- Born: February 14, 1920 Tipton County, Tennessee, U.S.
- Died: December 8, 1987 (aged 67) Lake Charles, Louisiana, U.S.
- Education: Memphis State University Louisiana State University
- Occupations: Historian, writer

= Joe Gray Taylor =

American historian and writer

Joe Gray Taylor (February 14, 1920 – December 8, 1987) was an American historian and writer.

== Life and career ==
Taylor was born in Tipton County, Tennessee, the son of Bassil Gray Taylor, a carpenter and farmer, and Lennie Fee Shinault, a schoolmarm. He served in the armed forces during World War II. After his discharge, he attended Memphis State University, earning his BS degree in 1947 and his MA degree in 1948. He also attended Louisiana State University, earning his PhD degree in 1951, which after earning his degrees, he taught at Nicholls State College until 1953 and again from 1958 to 1963.

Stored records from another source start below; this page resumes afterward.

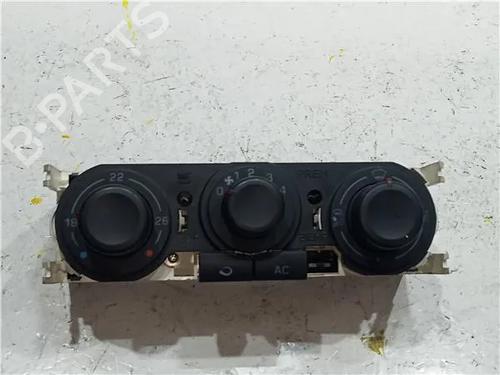 Commande Chauffage SEAT IBIZA III (6L1) 1.9 TDI (131 hp) 23914421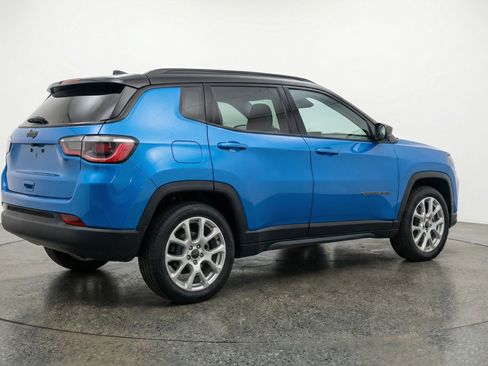 Used 2025 Jeep Compass Limited image 9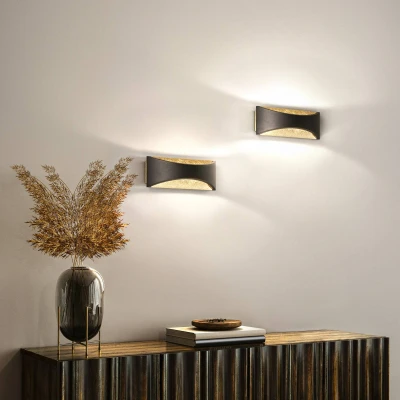 Abbildung von Fischer &amp; Honsel Wandleuchte, Rio sandschwarz/blattgoldfarben Acryl weiß B: 22,50 cm, H: 9,00 Ausladung Wand: 7,70 cm 1x LED 5,5 Watt 2700 K inkl. 540 lm EEG: F 30529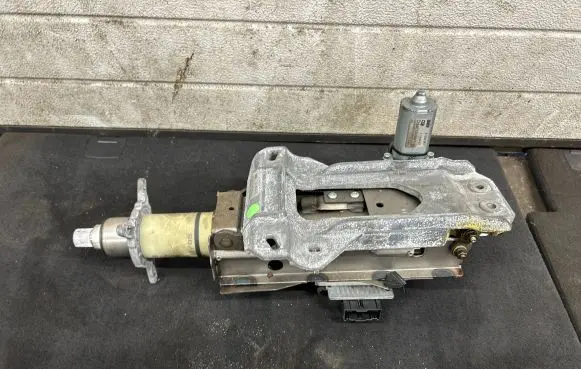 BMW 7 E65 E66 Steering wheel axle 9185002 6908961 6771415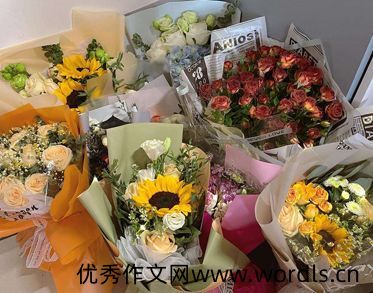 收到花束发朋友圈的的短句 晒自己收到花束的文案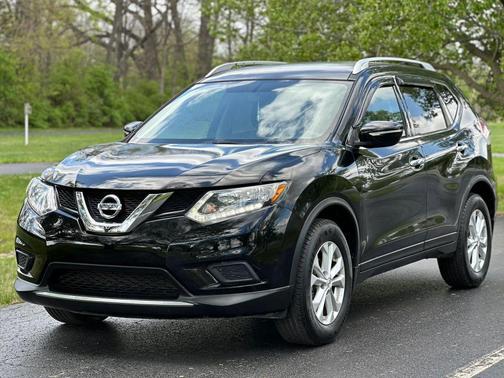 Black 2015 Nissan Rogue SV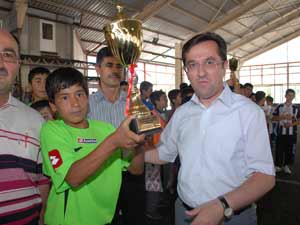 Camiden Spora Koştular Kupayı Kaptılar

Taylor served as a professor in the department of history at McNeese State University from 1963 to 1987. During his years as a professor, in 1967, he served as president of the Louisiana Historical Association, and he wrote the books Negro Slavery in Louisiana, Louisiana Reconstructed, 1863-1877, Louisiana: A Bicentennial History, and Eating, Drinking, and Visiting in the South.

== Death ==
Taylor died on December 8, 1987, in Lake Charles, Louisiana, at the age of 67.